Website Design Presentations
Website Design Review
Today we'll review the results of our collaborative web design process (assignment 5). This will include:
- Presenting images of your design sketches
- Showing us your Github project board
- Sharing the feedback received during the collaborative design review process
- Explaining what, if any, changes you made as a result of the feedback
After presentations, we'll begin implementing our designs as part of Project 1.
Project 1: Building a website
For this project, we'll implement the Home and About pages of our website design using HTML & CSS. It's fine to hold off on implementing the project detail page until we complete our first interactive graphic. If you choose to implement the project detail now, you can use a placeholder image and lorem ipsum for the text.

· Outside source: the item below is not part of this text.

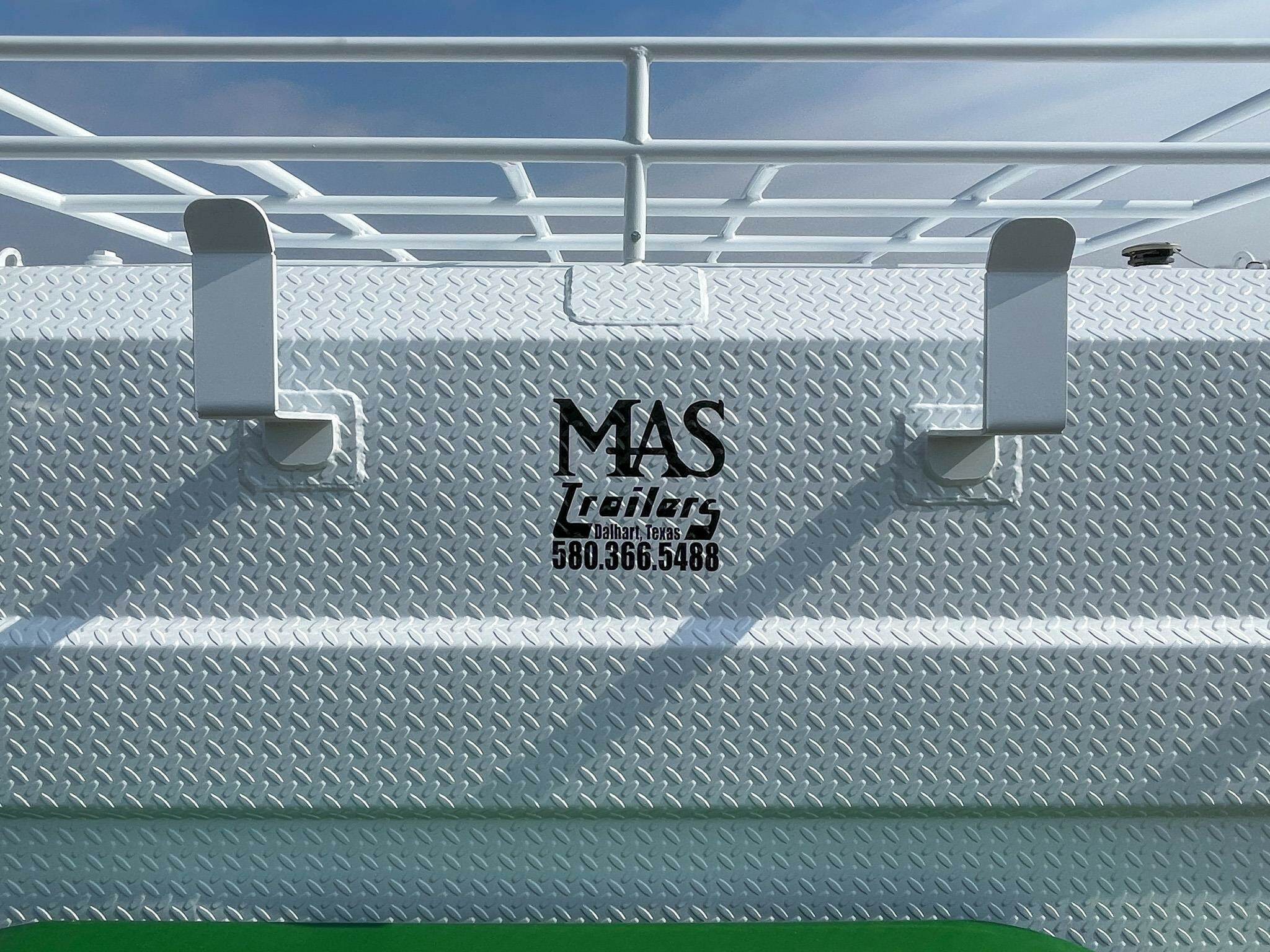 2026 MAS TRAILERS 990 Fuel Trailer Fuel Trucks/Trailer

To complete the assignment, the changes must be deployed to your site and the URL for the site uploaded via Canvas by class time on Tuesday April 30th.

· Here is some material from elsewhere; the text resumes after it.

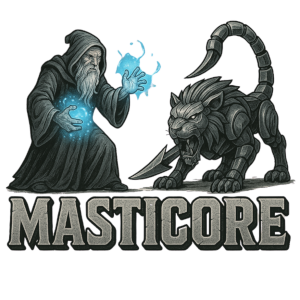 Masticore Logo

If you're just learning or are rusty on HTML/CSS, I'd encourage you to begin with one of the W3C CSS Templates. As part of the styling work, you should apply a CSS reset. With these as a starting point, you can then reference Learn to Code HTML & CSS and the task-specific examples listed on W3C to implement your design.
A few other requirements/recommendations:
- You must put CSS in an external stylesheet (that begins with the CSS reset from Eric Meyer)
- Use placeholder images for project links from a site such as dummyimage.com
- If you need icons, check out W3C CSS Icons for some options.
The W3C templates present alternative approaches to page layout, including the relatively new CSS Flexbox and CSS Grid. These tools can make it easier to create responsive web pages for devices of varying sizes. Here's a blogpost that helps clarify the differences and shows how Flexbox and Grid can be used together.
These strategies for page layout were not covered in the reading, but are valuable and worth applying if you're comfortable with them. It's also fine to use more traditional techniques for page layout as covered in the positioning content section of the reading. The goal is to pick a strategy (or perhaps combination of strategies) and execute a design.
Be sure to use the browser's developer tools as you build out the site. The dev tools let you easily change, add and disable CSS properties. It's a great way to get a sense for how individual CSS properties work, and experiment with changes before adding them to a stylesheet.